--- Requirement ---
Once the line containing "KRK initial letter" is found in the records below, return it and each following line exactly, up to and including the line containing "手臂逼真的彩色西部牛仔和马纹身图案", and nothing else.

--- Data extracts ---
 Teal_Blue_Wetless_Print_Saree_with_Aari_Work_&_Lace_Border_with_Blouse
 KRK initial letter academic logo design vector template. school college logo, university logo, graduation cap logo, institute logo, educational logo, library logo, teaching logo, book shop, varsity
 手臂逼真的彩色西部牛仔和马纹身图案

* * *

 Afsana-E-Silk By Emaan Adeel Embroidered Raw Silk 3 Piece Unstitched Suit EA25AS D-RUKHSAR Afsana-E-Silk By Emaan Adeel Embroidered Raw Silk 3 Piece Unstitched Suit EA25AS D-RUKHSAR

--- Solution to this exercise ---
 KRK initial letter academic logo design vector template. school college logo, university logo, graduation cap logo, institute logo, educational logo, library logo, teaching logo, book shop, varsity
 手臂逼真的彩色西部牛仔和马纹身图案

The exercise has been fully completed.